- [WHAT IS EXPECTED]: From the records below, output exactly the lines starting at the line with "Tulle Backdrop Curtain with" and ending at the line with "Luxurious serum in", both of them included, but no pictures.
*** THE INPUT ***
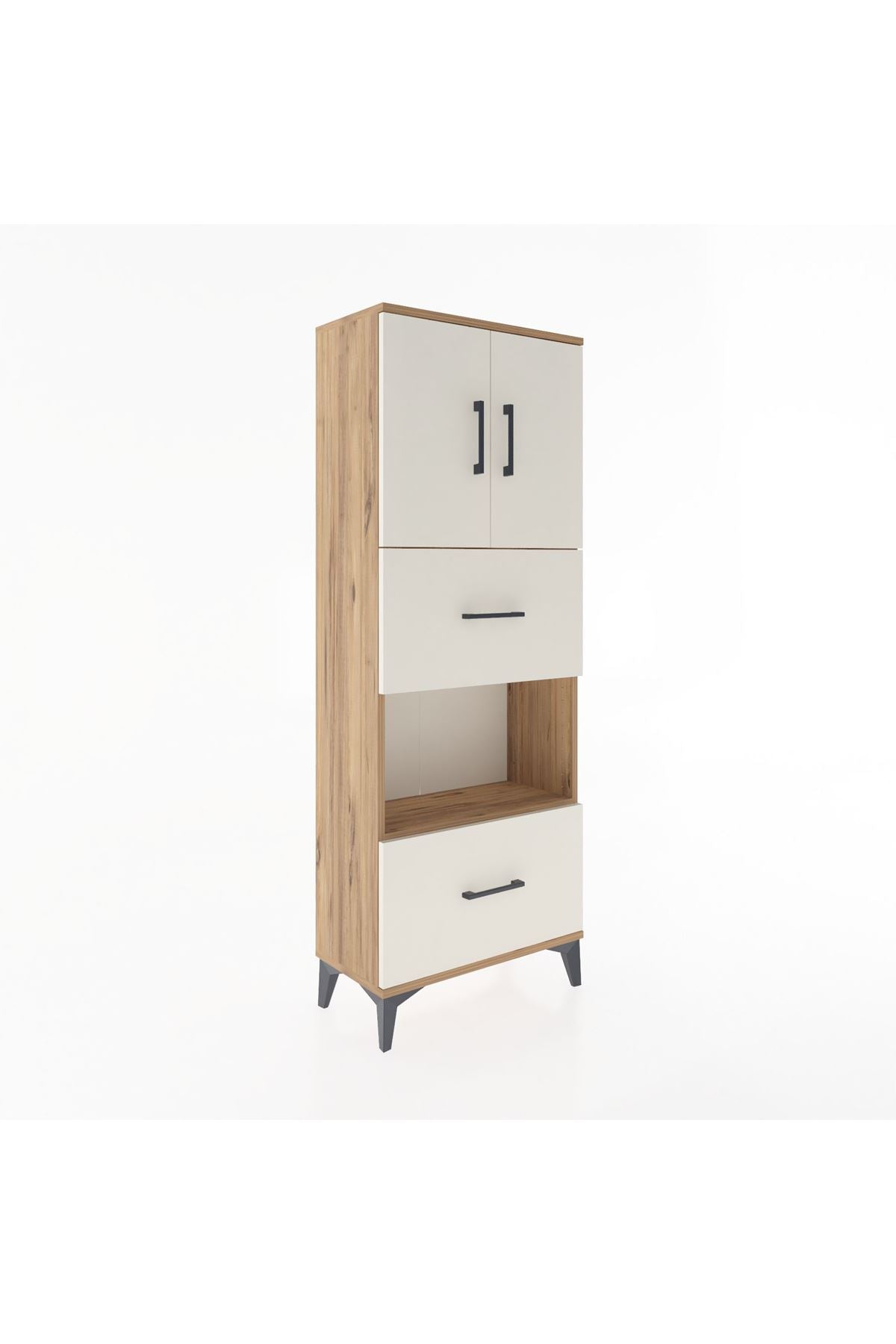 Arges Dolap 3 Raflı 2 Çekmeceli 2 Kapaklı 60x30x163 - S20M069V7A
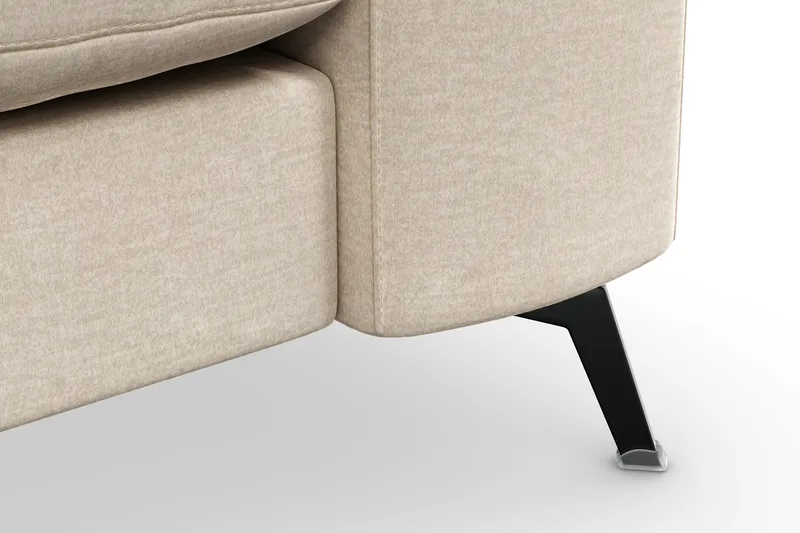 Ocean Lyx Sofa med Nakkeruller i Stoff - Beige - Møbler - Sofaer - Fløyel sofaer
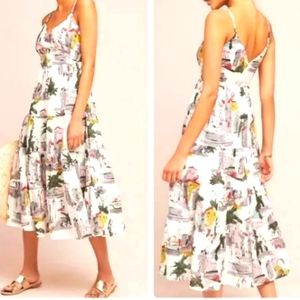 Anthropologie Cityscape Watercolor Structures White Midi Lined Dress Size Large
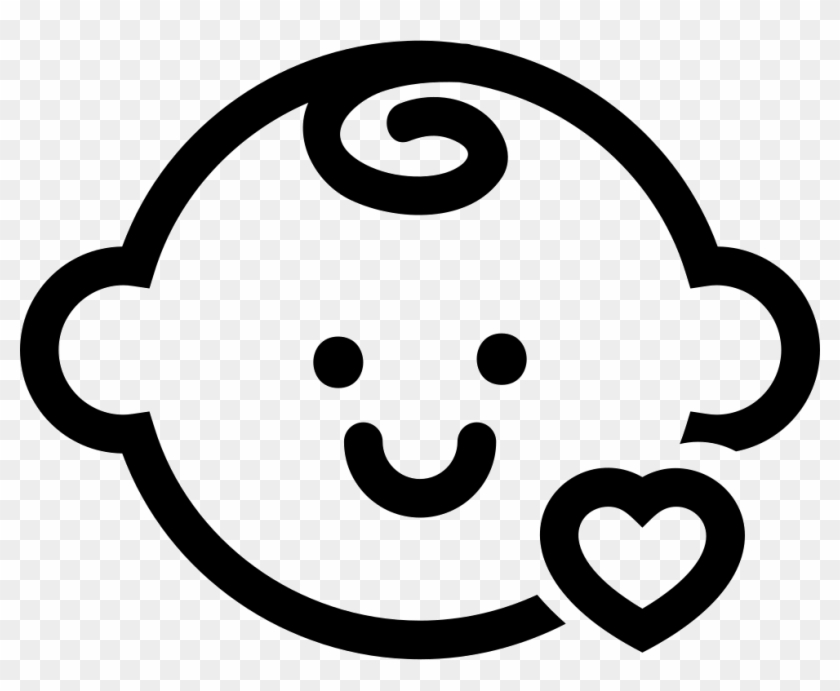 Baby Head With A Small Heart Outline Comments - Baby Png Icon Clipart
***
*** THE INPUT ***
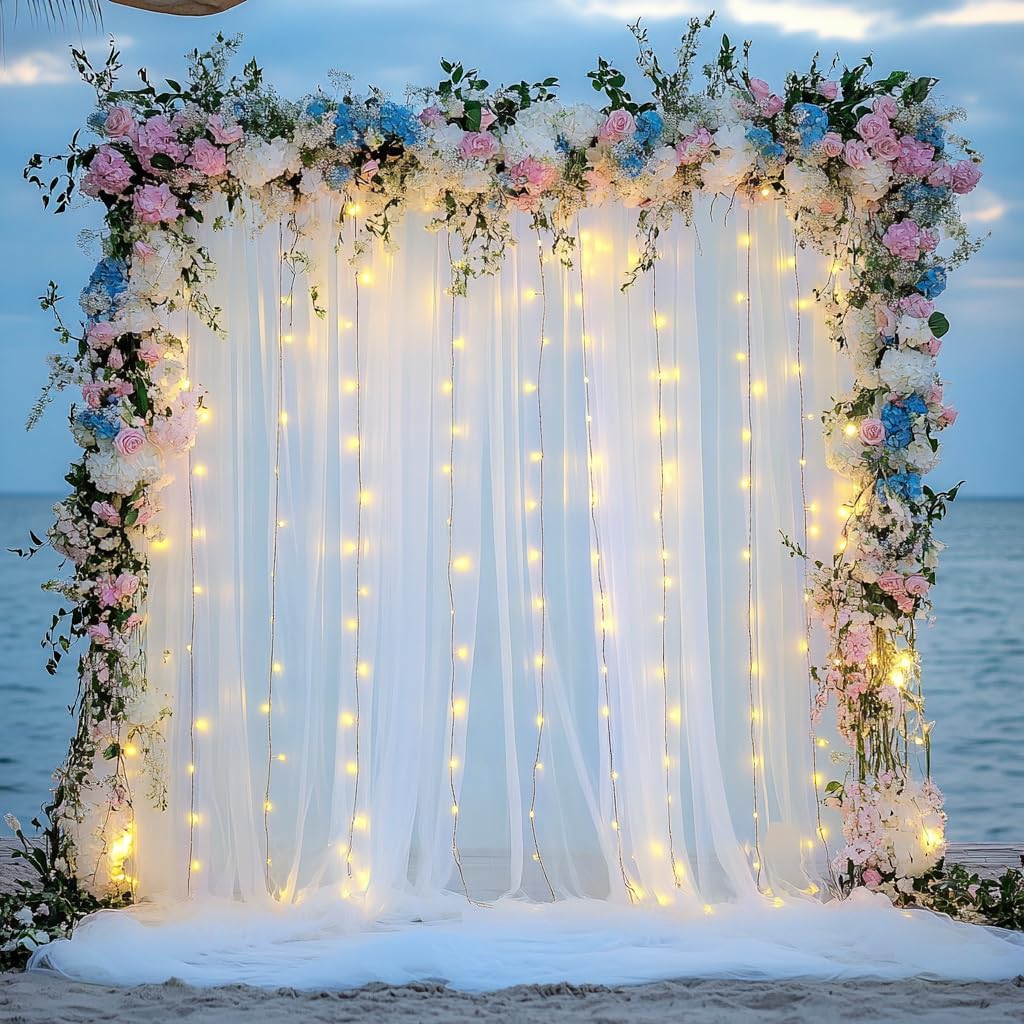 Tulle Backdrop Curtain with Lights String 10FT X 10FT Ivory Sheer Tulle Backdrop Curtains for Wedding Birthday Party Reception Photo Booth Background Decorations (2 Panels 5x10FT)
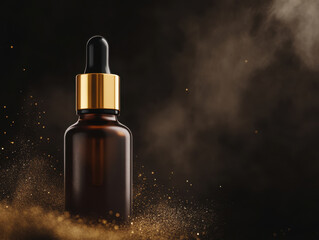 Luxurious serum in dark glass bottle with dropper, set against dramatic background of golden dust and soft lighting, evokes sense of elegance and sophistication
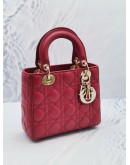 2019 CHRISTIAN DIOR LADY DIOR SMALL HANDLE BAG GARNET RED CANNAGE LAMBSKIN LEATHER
***
- [SOLUTION TO THIS EXERCISE]:
 Tulle Backdrop Curtain with Lights String 10FT X 10FT Ivory Sheer Tulle Backdrop Curtains for Wedding Birthday Party Reception Photo Booth Background Decorations (2 Panels 5x10FT)
 Luxurious serum in dark glass bottle with dropper, set against dramatic background of golden dust and soft lighting, evokes sense of elegance and sophistication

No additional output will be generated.